Ana Sayfa Kişisel Gelişim Röportaj Tropik Meyve Cenneti: Bodrum’da İso Baba’nın Çiftliği

Tropik Meyve Cenneti: Bodrum’da İso Baba’nın Çiftliği

Tropik Meyve Cenneti: Bodrum'da İso Baba’nın Çiftliği
VarolusveOtesi

Bodrum‘un Yahşi Mahallesi’nde yer alan İso Babanın Çiftliği, barındırdığı sayısız tropikal meyve ağacıyla ziyaretçilerini adeta büyülüyor.
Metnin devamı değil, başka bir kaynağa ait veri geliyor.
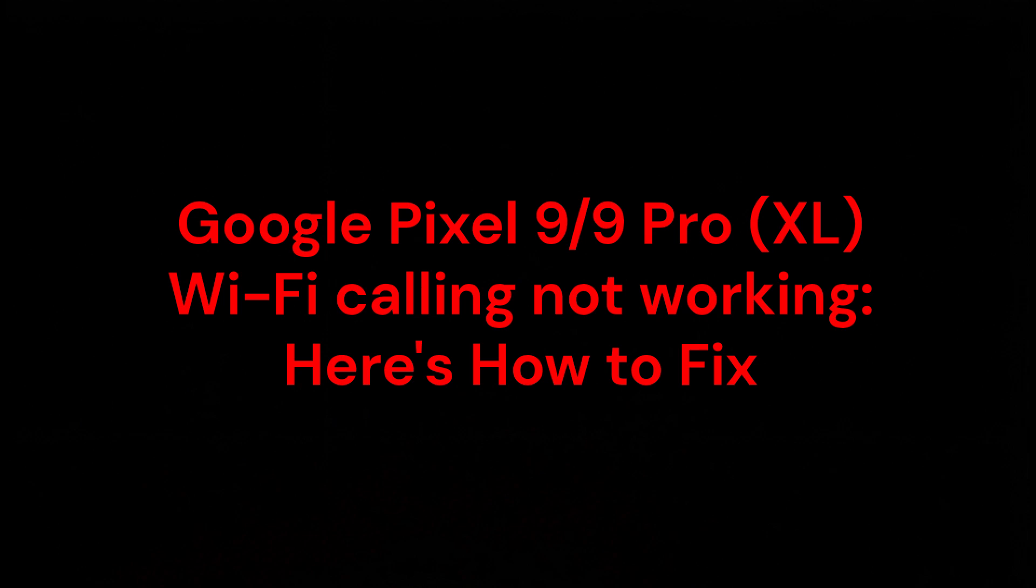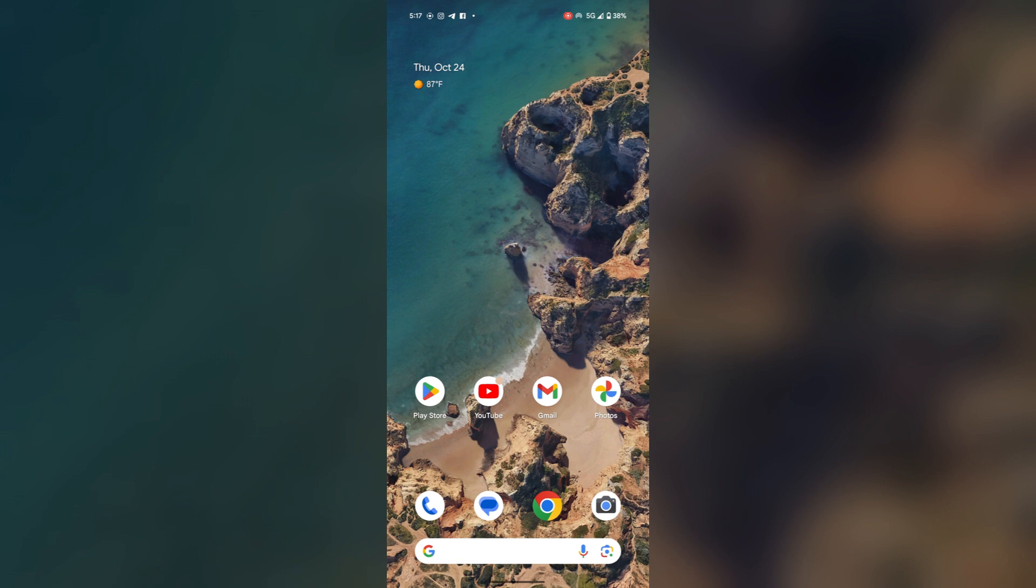Hello everyone. In this video you're going to learn about Google Pixel 9 or 9 Pro XL Wi-Fi calling not working and here's how to fix it.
Çiftliğin sahibi Cahide İmre, üretkenliği ve toprakla kurduğu güçlü bağ sayesinde herkese ilham veriyor. Bodrum Ticaret Odası‘nın Tarım Turizmi Rotası Projesi kapsamında ziyaret edilen bu çiftlik, arazilerin üretime dönüştürülerek korunmasının en etkileyici örneklerinden biri diyebiliriz.

İso Baba’nın Çiftliği’nin sahibi Cahide İmre

Varoluş ve Ötesi Dergisi Gastronomi Yazarı Bülent Vural, İso Baba’nın Çiftliği’nin sahibi Cahide İmre ile hem bilgilendirici hem de keyif dolu bir röportaj gerçekleştirdi.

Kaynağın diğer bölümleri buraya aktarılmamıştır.